Ich werde niemals wieder Dinge selbstverständlich sehen. Das war für mich eine der wichtigsten Lektionen zum Ende des Jahres. Und wieder einmal zeigte sich: Ich muss ein echter Glückspilz sein.

 
Es passiert so schnell, dass man Dinge verliert. Nur einen kleinen Augenblick der Unachtsamkeit. Nur einmal kurz nicht nachgedacht, nicht aufgepasst. Und schon sind all deine wichtigsten Dinge weg: Das ist mir gerade genau dann zu Heiligabend passiert.

Ich war auf dem Weg in die Heimat mit dem Zug. An einem Bahnhof musste ich umsteigen. Wie immer hatte ich meine Bauchtasche bei mir. Die wichtigsten Dinge drin: Smartphone, Schlüssel, EC-Karte, Personalausweis und Ipod. Alles an einem Platz. Ich dachte, dass so meine Wertsachen sicher wären. Habe die Sachen immer bei mir, auch wenn ich nur kurz auf Toilette muss. Man weiß nie, wie schnell Langfinger mal deine Sachen klauen.

Doch dann das Fatale: Kurz vor dem Umstieg lege ich die Bauchtasche ab, ziehe meinen Mantel an. Und wollte die Tasche dann eigentlich umhängen. Der Gedanken dahinter war, dass ich keine Lust hatte, die Tasche mühselig wieder herauszukramen, wenn ich an die Sachen heran musste. Der Gedanke war rückblickend eigentlich ziemlich dumm, sind die Sachen dann noch weniger geschützt. Aber noch dümmer war, dass ich die beim Aussteigen an alles dachte, was ich dabei hatte – nur nicht an meine Bauchtasche. Diese kleine schwarze unauffällige Tasche blieb einfach auf meinem Platz liegen.
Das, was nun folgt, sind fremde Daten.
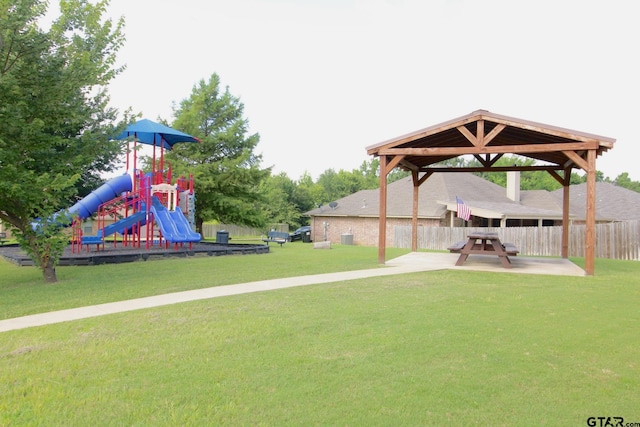 10821 Cactus Trl, Flint, TX 75762 - communal playground with a gazebo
Normalerweise achte ich immer auf alle meine Sachen, schaue nach, ob alles da ist. Checke dutzende Male, ob Handy, Schlüssel und Portemonnaie wirklich bei mir sind. Schaue nach, ob mein Fahrrad wirklich angeschlossen ist. Ausgerechnet dann, wenn die wichtigsten Dinge in einer Tasche drin sind, mache ich das nicht!

Selbstvorwürfe ohne Ende

Ihr könnt euch nicht vorstellen, wie sehr ich mich eigentlich rückblickend über mich selbst ärgere. Ich habe mir selbst immer wieder gesagt, wie blöd ich nur bin und wie vergesslich. Wie konnte mir das nur passieren? Ausgerechnet mir, die doch immer auf alles vorbereitet ist.

Aber daraus lernt man: Niemand ist perfekt und jeder ist vergesslich. Jeder macht mal Fehler und deswegen sollte ich mich selbst nicht fertig machen. Der Verlust tut schon weh und ich helfe mir selbst wenig, wenn ich mich dafür auch noch klein mache.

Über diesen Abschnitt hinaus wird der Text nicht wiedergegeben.